Week 5: Unity in the Gospel

  • Humble Dependence, Not impressiveness
    • 1 Corinthians 2:1
    • Where are you most tempted to rely on eloquences or image rather than dependence on God?
    • Identify one situation (work, home, ministry) where you can intentionally depend on prayer rather than performance.
  • What are you choosing to know?
    • How does focusing on Christ crucified confront your expectations of what following Jesus should look like?
  • Weakness as the stage for God’s Power
    • Do you tend to hide weakness, overcompensate for it, or surrender it?
  • Is there a safe believer you can be honest with about your trembling?
  • Where have you seen the Spirit work in a way that clearly wasn’t human effort?
  • What is your Faith resting on? (1 Corinthians 2:5)
    • Name one false foundation you need to loosen your grip on.
    • Spend time thanking God specifically for His power — not your own strength — sustaining you.
  • What fears might be preventing us from stepping into what God is asking?
  • Personal Contemplation:
    • If my faith were examined this week, would it appear to rest on human wisdom…or on God’s power?

Week 4: Unity in the Gospel

  • Text: 1 Corinthians 1:18-31
  • When you hear the phrase “the word of the cross,” what emotions or thoughts immediately come to mind?
  • The Greek word mōria implies something absurd or embarrassing.
    • In today’s culture, what about Christianity seems “embarrassing” to people?
  • How have you personally experienced the cross as the power of God in your life?
  • The sermon emphasized that “perishing” is a present trajectory, not just a future destination.
    • How does that change the way we think about evangelism?
  • Where do you see our culture elevating human wisdom above God’s wisdom?
  • The sermon warned against trusting what “looks impressive.”
    • What are some things Christians today may subtly boast in?
  • How can we use intellect and reasoning without placing ultimate trust in them?
  • Is your first instinct in difficulty to strategize or to pray?
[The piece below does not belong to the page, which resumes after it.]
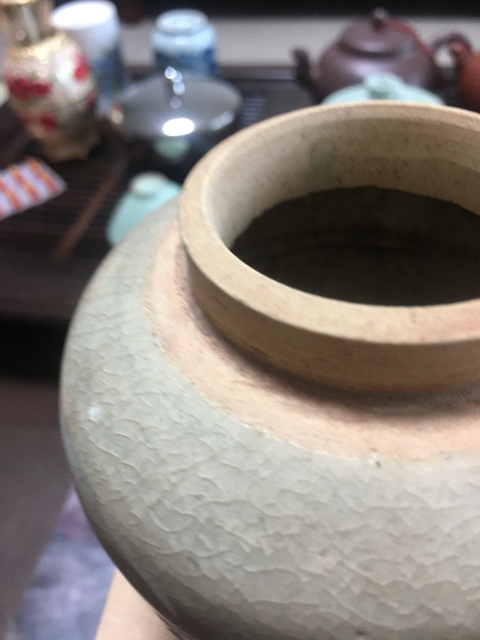 古玩陶瓷青白釉罐拍賣，當(dāng)前價(jià)格9300元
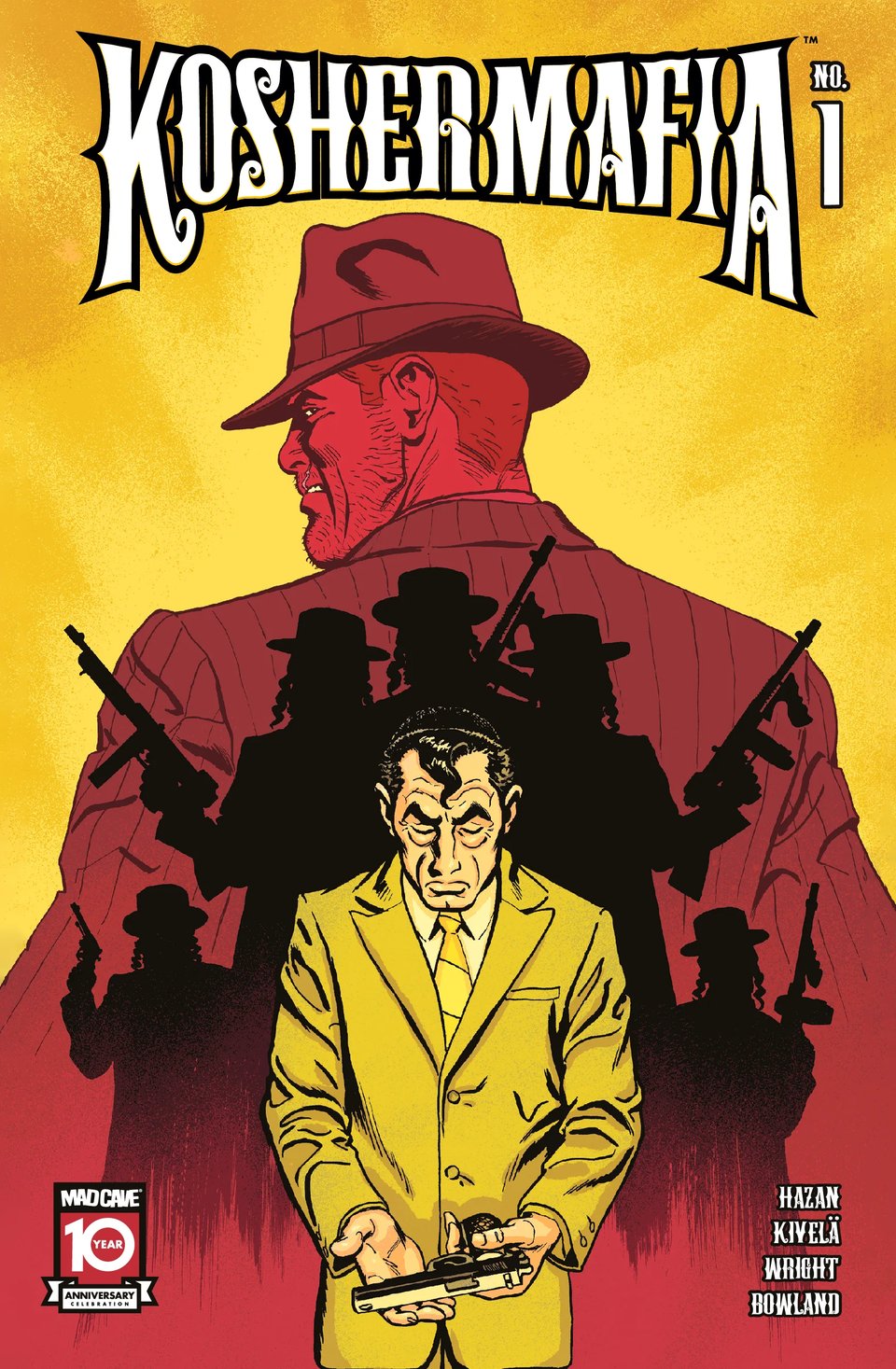 Cover for Kosher Mafia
Why?
  • The “upside-down Kingdom” challenges our instincts.
    • Which Beatitude challenges you most?
  • Look carefully at 1 Corinthians 1:30.
    • What four things does Paul say Christ becomes for us, and how does each one address our deepest need?

Week 3: Unity in the Gospel

  • BIG IDEA
    • When preference replaces the gospel as our center, unity fractures and the power of the cross gets shrunk.
    • Paul confronts division in Corinth by exposing how loyalty to people, style, or preference distorts the picture of Christ—and then he recenters the church on the cross, not the messenger.
  • OPENING
    • Icebreaker:
      • Tell about a time you were part of a team, group, or organization that slowly became divided—not because of a crisis, but because of opinions, preferences, or sides being taken. What did that feel like?
    • Transition question:
      • Why do preferences feel harmless at first, but become destructive when they turn into identity?
  • READ THE TEXT
    • Read 1 Corinthians 1:10–17 out loud (have two or three people split the passage).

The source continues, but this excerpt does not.